19. A ventilation system in accordance with claim 17, wherein the covering includes a clingable vinyl material.

20. 20-47. (canceled)

48. A ventilation system in accordance with claim 19, wherein the nozzle is configured for direct placement on outer surface of the breathable orthopedic cast.

49. A ventilation system in accordance with claim 17, wherein the covering is configured to enclose a region adjacent at least one of a group consisting of a heel, an elbow, and a knee.

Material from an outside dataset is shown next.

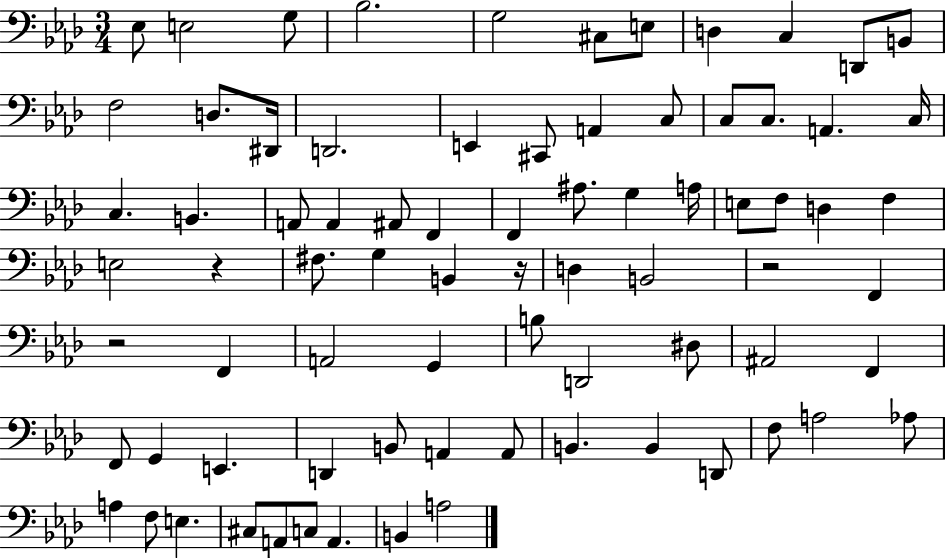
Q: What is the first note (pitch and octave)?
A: Eb3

50. A ventilation system in accordance with claim 17, further comprising a moisture evaporator attachable between the covering and the air moving device, and configured for receiving the airflow from the breathable cast.

51. A ventilation method of creating airflow through a breathable orthopedic cast, the ventilation method comprising: placing a spacer within a covering on an outside portion of the breathable orthopedic cast to enclose an outside portion of the breathable cast with an inner surface of the covering; providing through the covering an opening configured for communication with the spacer and with an air moving device; and creating the airflow through an opening of the covering and the breathable cast enclosed by the inner surface of the covering.

52. A ventilation method in accordance with claim 51, wherein the step of placing the spacer within the covering on the outside of the breathable cast includes placing a scaffold structure on the outside portion of the breathable orthopedic cast.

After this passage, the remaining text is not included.